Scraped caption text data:
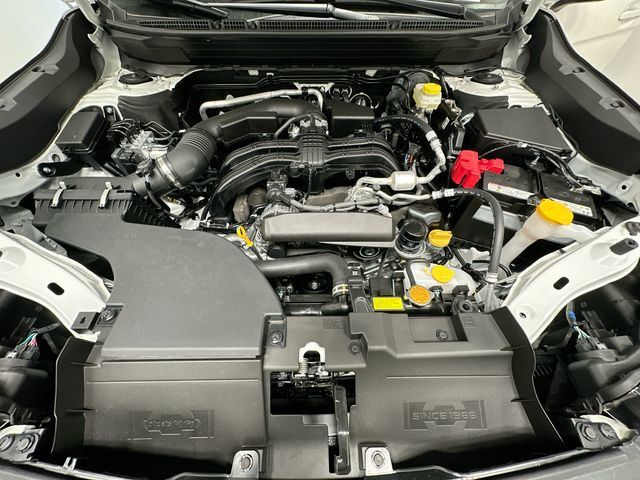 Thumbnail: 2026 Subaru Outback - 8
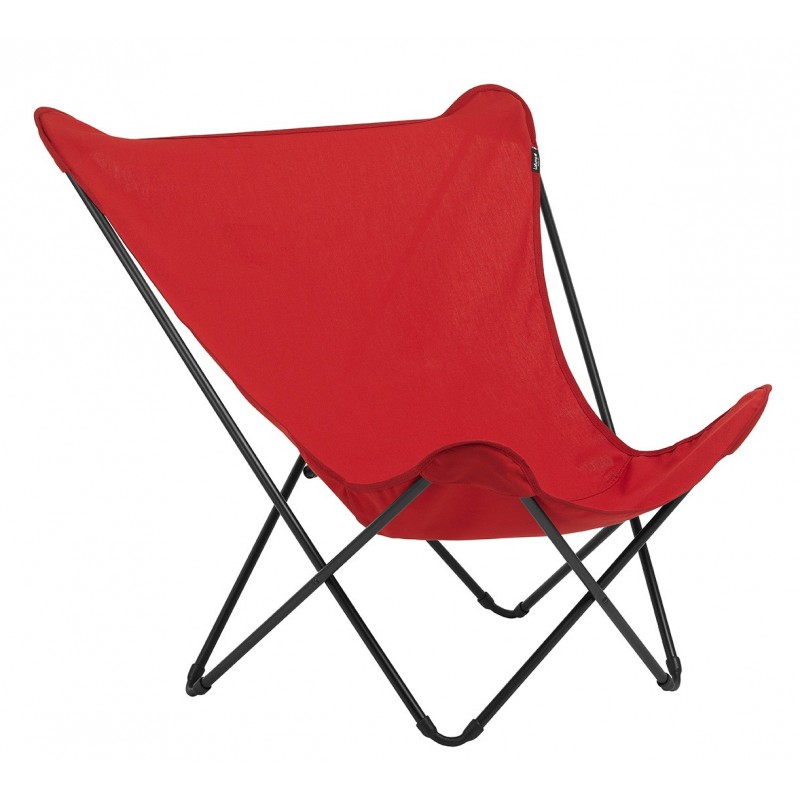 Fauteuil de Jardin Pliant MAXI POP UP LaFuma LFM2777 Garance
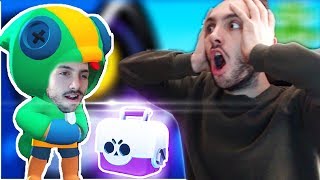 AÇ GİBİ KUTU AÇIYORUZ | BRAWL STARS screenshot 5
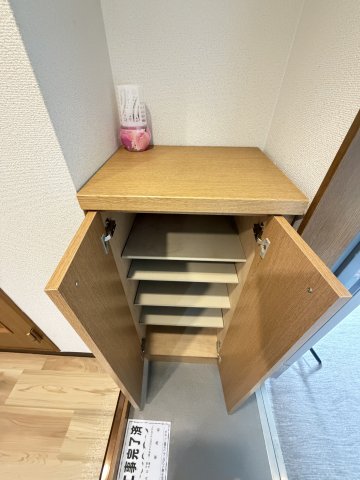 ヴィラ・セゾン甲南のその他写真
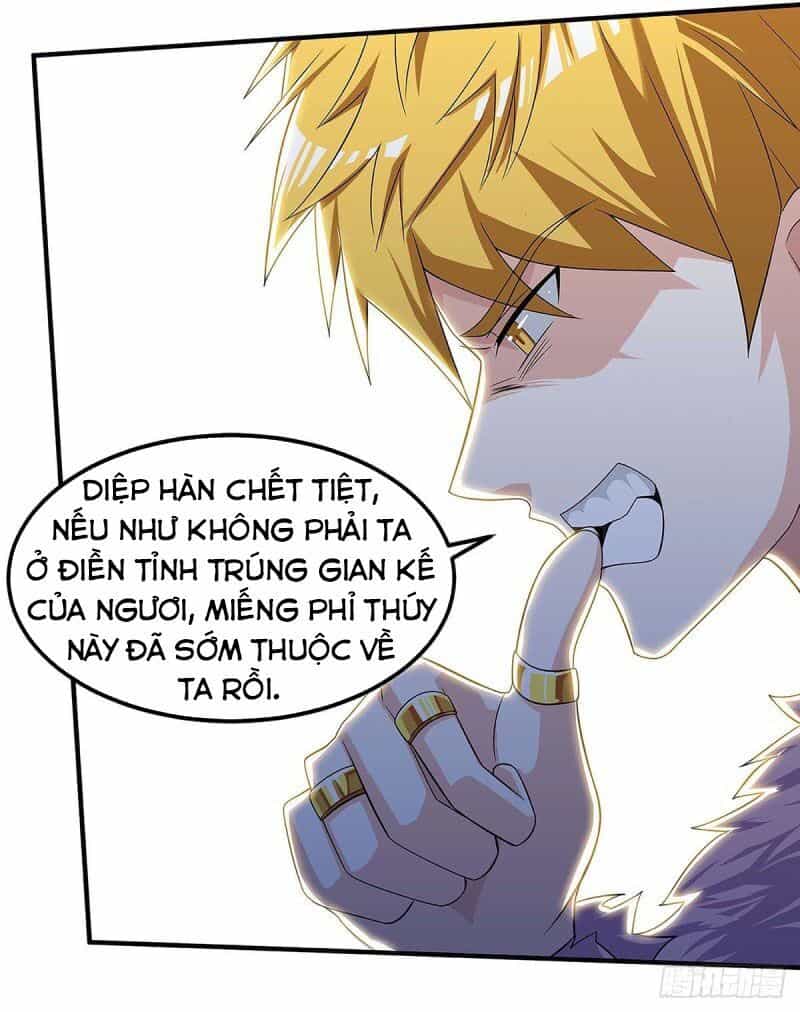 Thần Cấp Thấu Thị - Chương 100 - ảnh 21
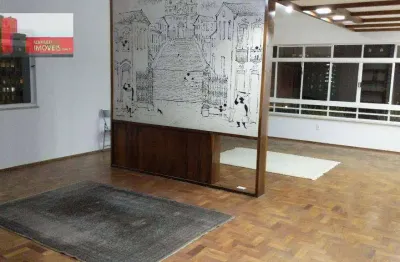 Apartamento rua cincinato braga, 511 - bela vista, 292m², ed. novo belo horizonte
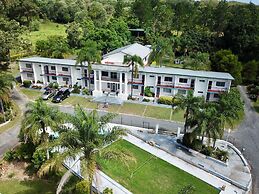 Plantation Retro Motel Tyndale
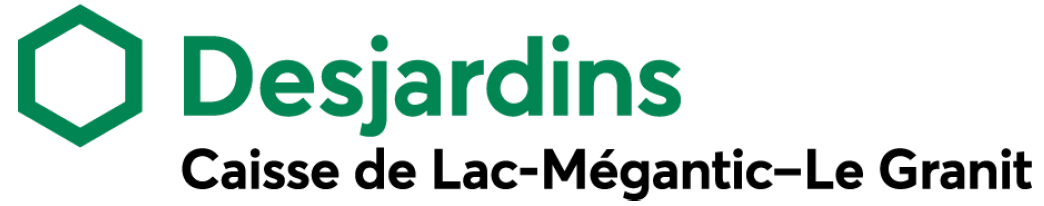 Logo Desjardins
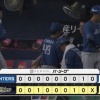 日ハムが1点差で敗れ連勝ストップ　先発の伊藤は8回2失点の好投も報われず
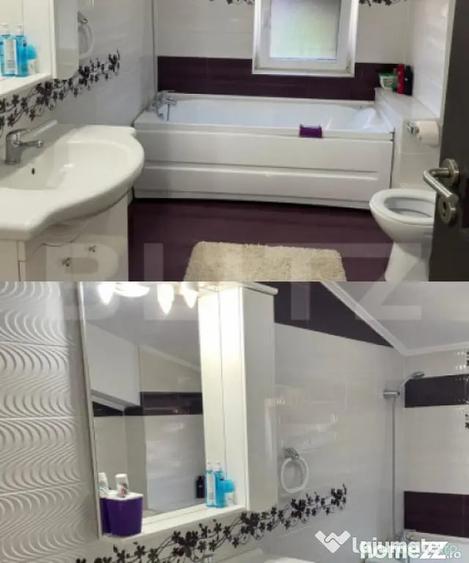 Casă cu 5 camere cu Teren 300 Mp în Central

---

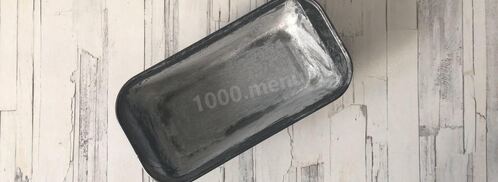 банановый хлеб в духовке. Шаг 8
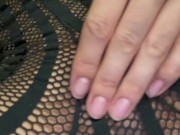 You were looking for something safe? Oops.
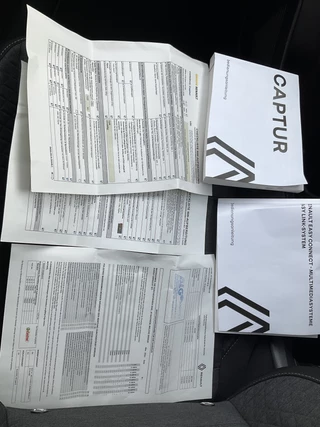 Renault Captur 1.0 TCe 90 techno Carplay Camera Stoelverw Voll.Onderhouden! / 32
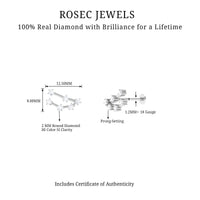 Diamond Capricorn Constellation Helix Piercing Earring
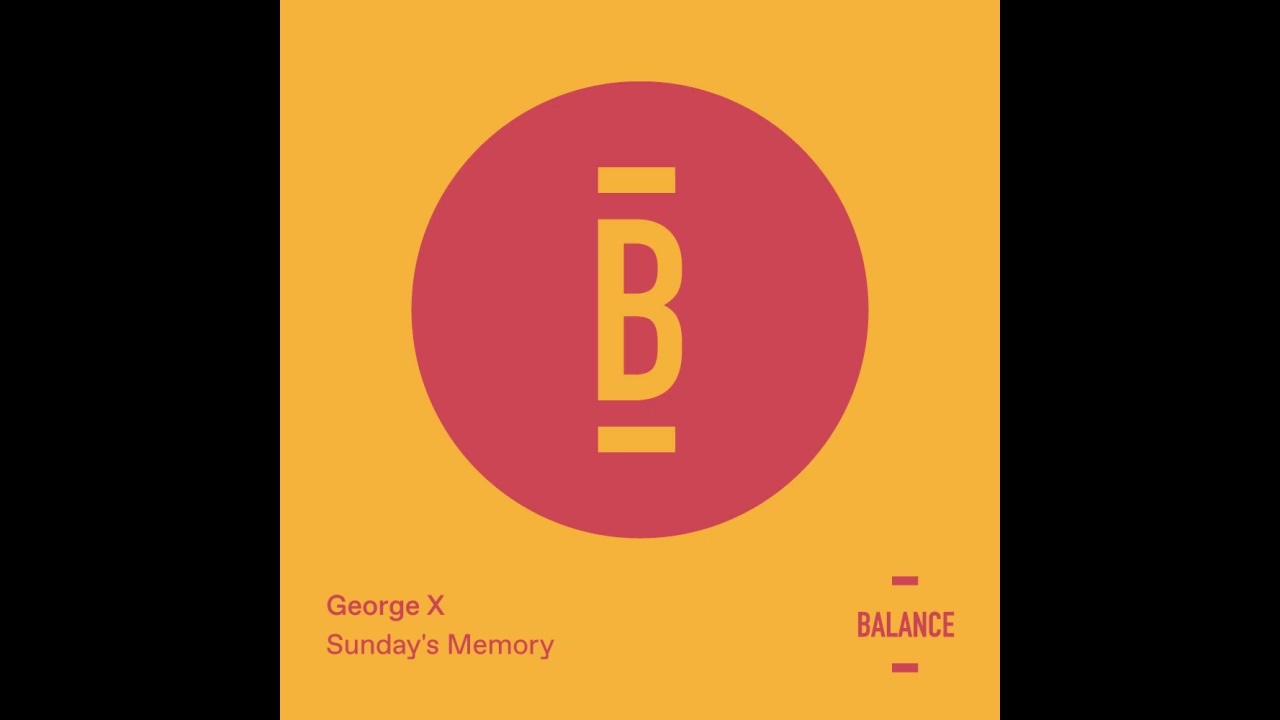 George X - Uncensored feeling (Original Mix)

Problem to work on: Look above for the line with "AÇ GİBİ KUTU"; quote it and every line after it, stopping after the line with "Casă cu 5 camere cu Teren 300 Mp în Central", exactly, with nothing added and without pictures.

Exercise response:
 AÇ GİBİ KUTU AÇIYORUZ | BRAWL STARS screenshot 5
 ヴィラ・セゾン甲南のその他写真
 Thần Cấp Thấu Thị - Chương 100 - ảnh 21
 Apartamento rua cincinato braga, 511 - bela vista, 292m², ed. novo belo horizonte
 Plantation Retro Motel Tyndale
 Logo Desjardins
 日ハムが1点差で敗れ連勝ストップ　先発の伊藤は8回2失点の好投も報われず
 Casă cu 5 camere cu Teren 300 Mp în Central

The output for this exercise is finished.